Temporal consistency: max per-frame change in drivable area; track acceleration and jerk within physical bounds; ID switch caps.
Cross-sensor agreement: camera vs LiDAR consensus; veto if strong disagreement persists N frames.
Planner consistency proxies: large divergence between perception-based risk map and planner’s dynamic constraints flags a violation.
Uncertainty guard: abstain or degrade gracefully when confidence below a calibrated floor.
Performance guard: if p99 latency > budget, reduce batch size/enable fallback model.
Deployment
Run the predicate engine as a sidecar or in-process filter before responses are accepted by downstream consumers.
For edge, keep a tiny, deterministic rules engine with bounded memory/CPU; for cloud, use OPA sidecar with hot-reloadable policies.
Action modes
Shadow: purely record violations; do not affect caller output; route samples to S3 for audit/mining.
Canary/Prod:
Soft-gate: log + emit warning headers; allow response.
Hard-gate: replace response with safe fallback (prior model, rule-based heuristic, or abstention code) and flag the event.
Kill-switch: automatic rollback trigger (revert traffic weights or switch to previous production model) if violation rate exceeds M occurrences in T minutes in any protected slice.
Calibration & audits
Periodically validate predicate hit rates with ground truth from #10; adjust thresholds to minimize false alarms without missing true hazards.

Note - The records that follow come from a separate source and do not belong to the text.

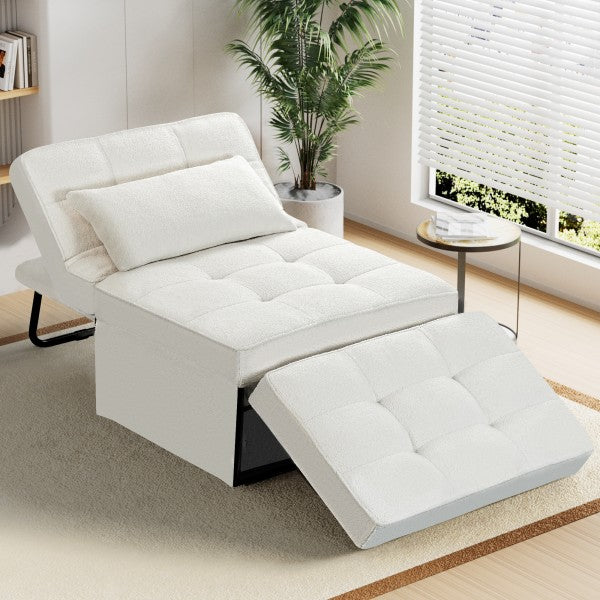 Ainfox 72inch Cloud Puff Convertible Sofa Bed White,4-in-1 Folding Sofa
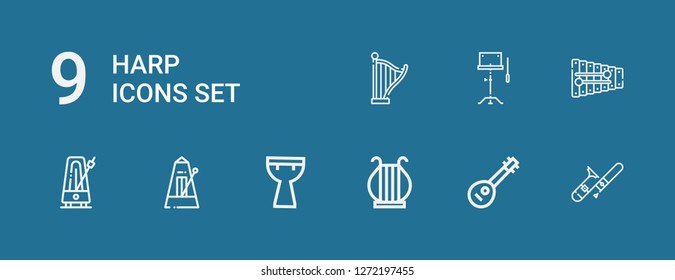 Editable 9 harp icons for web and mobile. Set of harp included icons line Trombone, Mandolin, Harp, Kettledrum, Metronome, Xylophone, Orchestra on blue background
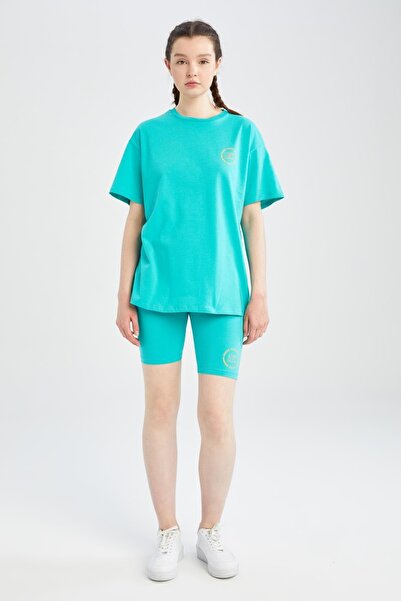 DeFacto Fit Oversize Tričko Fit s krátkým rukávem a výstřihem ze 100% bavlny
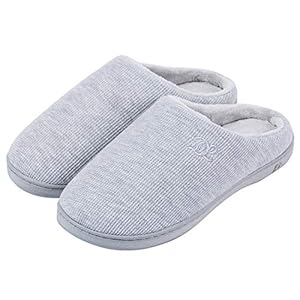 DL Womens Memory Foam Slippers, Cozy Slip on House Slippers for Women Indoor Outdoor, Comfy Women’s Bedroom Slippers Warm Soft Flannel Lining Home Slippers Size 5-12 Purple Blue Pink Grey Navy Black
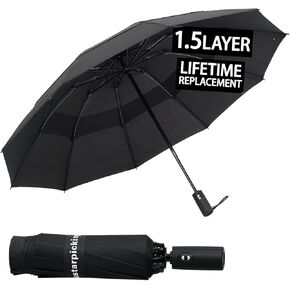 Umbrella Reverse Folding Umbrella Windproof Travel Umbrellas for Rain - Easy Auto Open Close, Durable & Compact Umbrella, Strong Fiberglass Frame, Waterproof Canopy - Backpack, Purse, Portable Umbrella for Travel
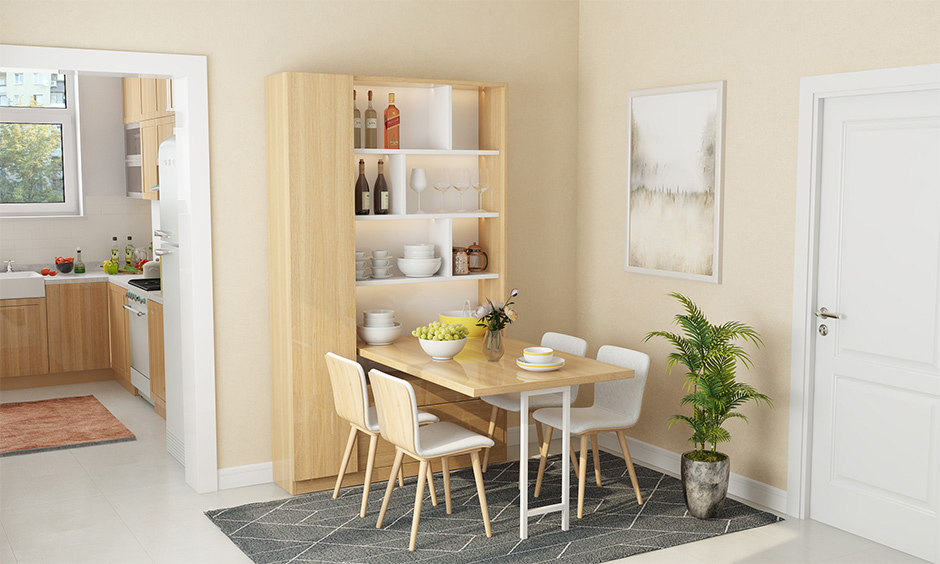 Small dining table 4 seater for small spaces with elegant wall-mounted crockery unit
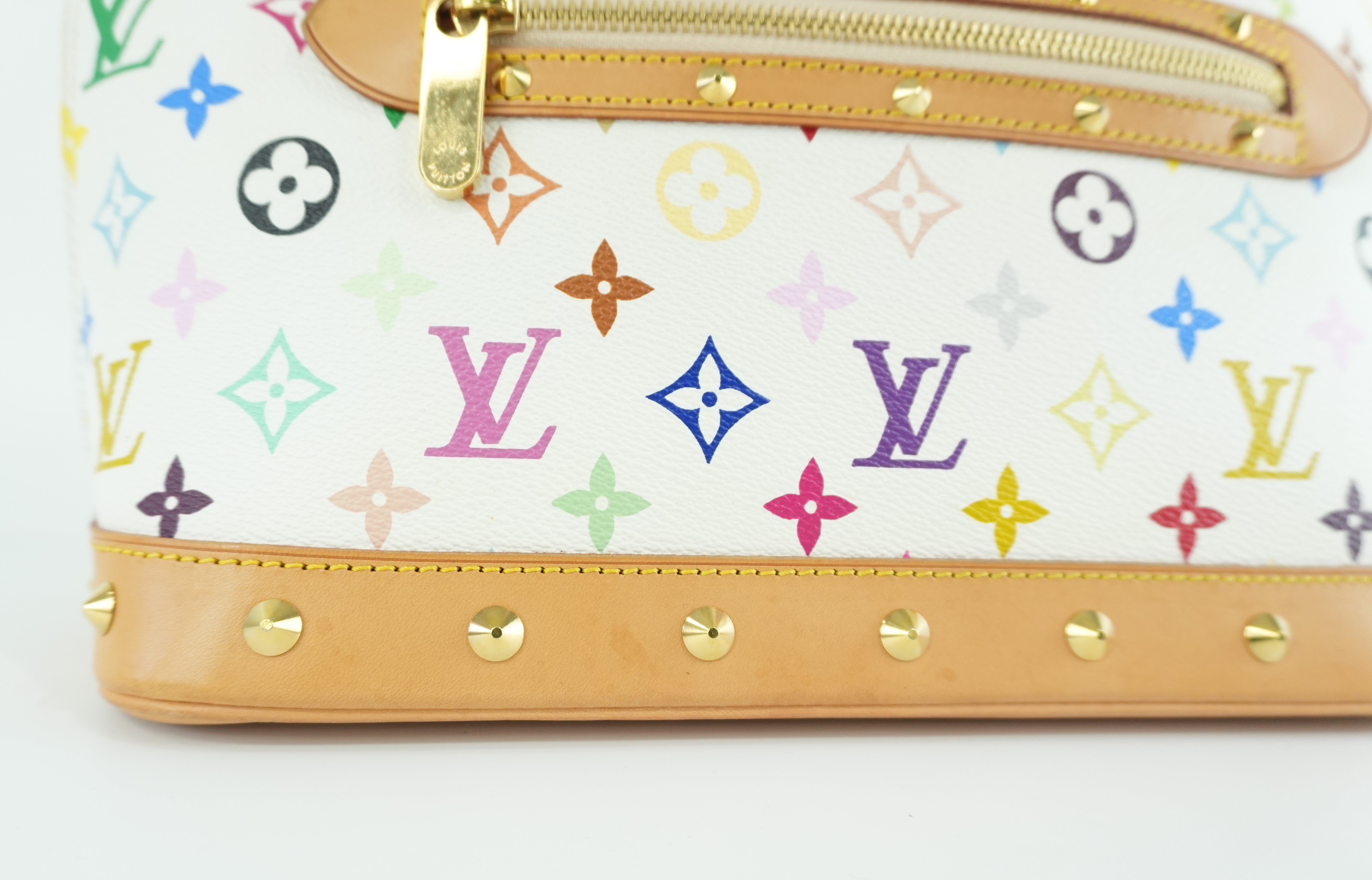 Louis Vuitton Multicolor Alma PM Handbag White Bag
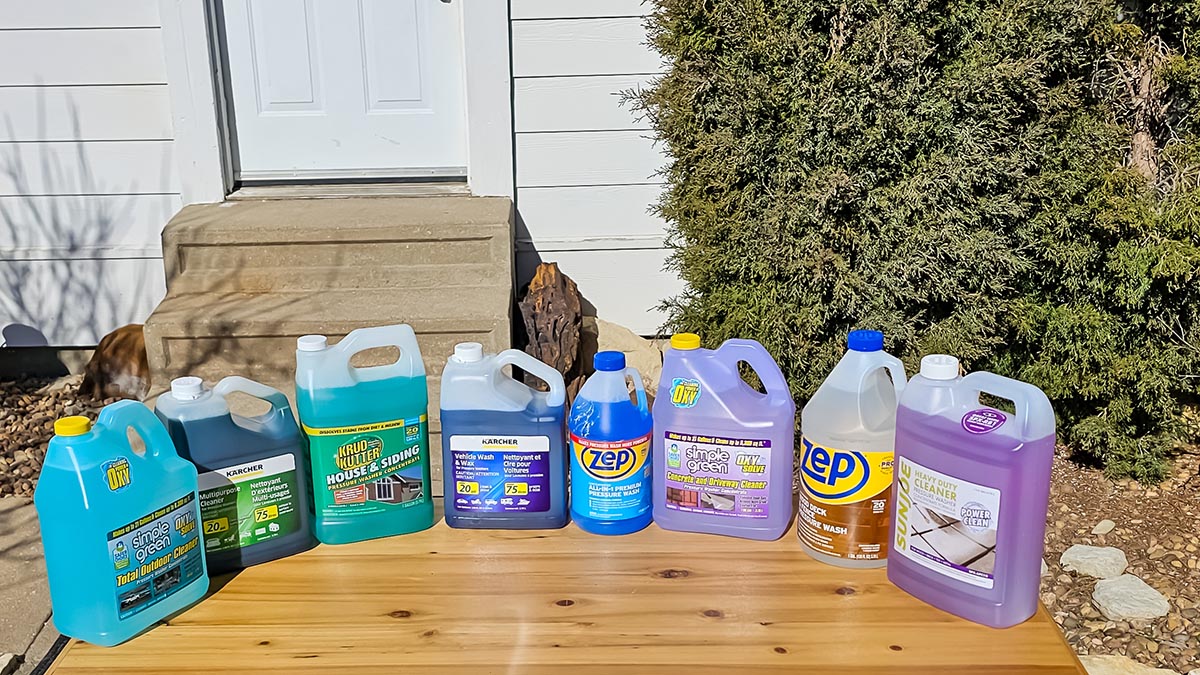 A group of the best pressure washer soaps outside before testing.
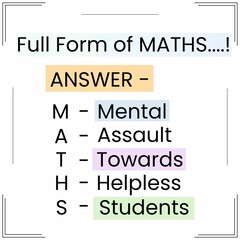 This is a pixel design illustrating the humorous full form of MATHS as "Mental Assault Towards Helpless Students," reflecting a fun take on academic struggles.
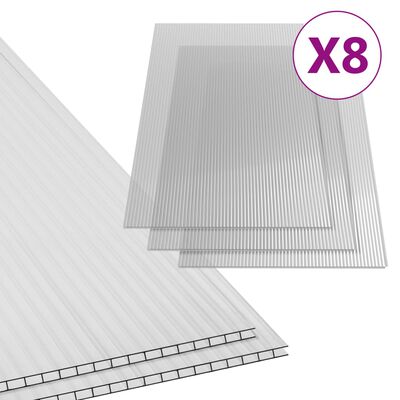vidaXL Polycarbonate Sheets 8 pcs 4 mm 121x60 cm
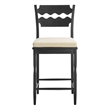 Jax Oak Wood Counter Stool With Wavy Razor Back and Cushion in Black Linen
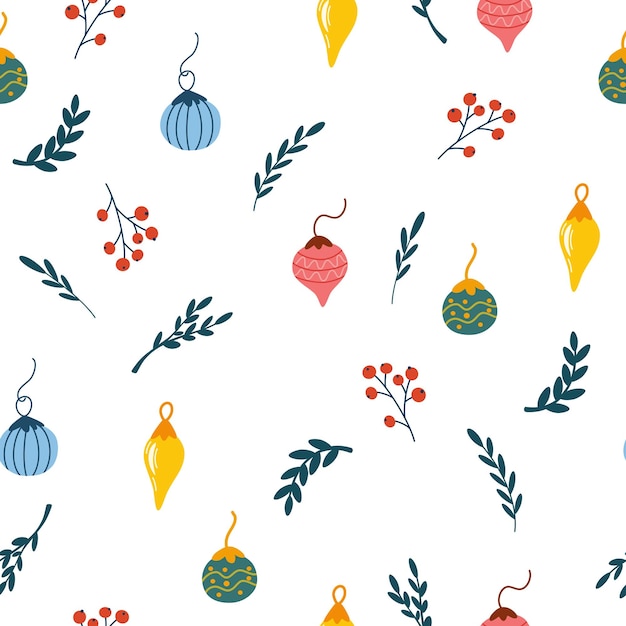 Weihnachten Glaskugeln nahtlose Muster Hand zeichnen Glas Weihnachtsbaum Spielzeug Beeren und Zweige Weihnachten Urlaub Wintermuster Geschenkpapier Scrapbooking Hintergrund Vektor-Illustration
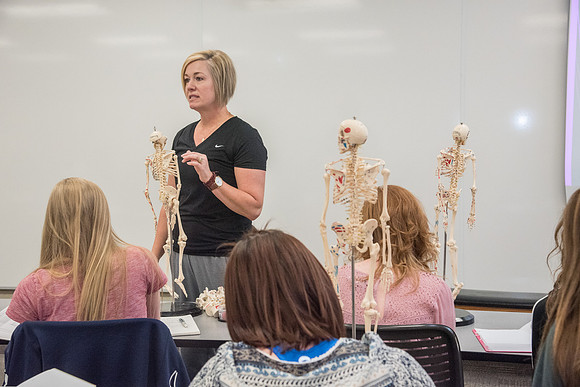 Dance Professor, Wendy Bone teaching students Kinesiology. June 2018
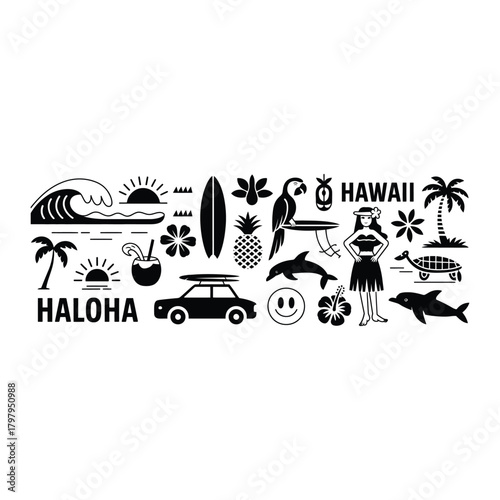 Black Silhouette Hawaii Themed Icons with Text aloha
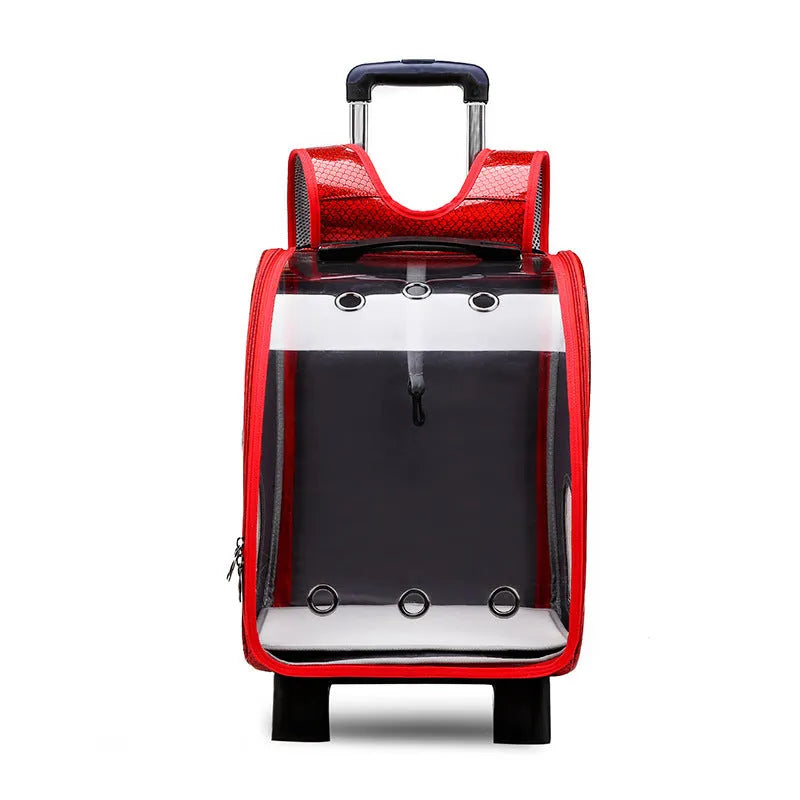 Transparent pet trolley bag with hard sides and Oxford cloth backpack for small dog transport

Run “predicate regression tests” from the simulation library (#17) as part of the promotion pipeline.
Forensics & feedback
Each violation stores a forensic bundle: request, outputs, predicate IDs hit, policy version, traces; redact PII; store in S3 under
/safety/violations/YYYY/MM/DD
.Generate safety dashboards (violation types over time/slices) and weekly audit packs; file tickets for systemic issues.
Emit mining specs to #12 for targeted data collection (e.g., “night-rain ped crossings where cross-sensor agreement < τ”).
Core AWS / Tooling
EKS sidecars (OPA), CloudWatch Logs/Alarms, Athena + QuickSight for safety analytics, EventBridge to trigger rollbacks, App Mesh/Istio for circuit-breakers/fallback routing.
Outputs & Storage
Predicate decision logs, violation bundles, policy versions, and automated rollback events.
Feedback artifacts (mining specs) feeding the next data → training loop.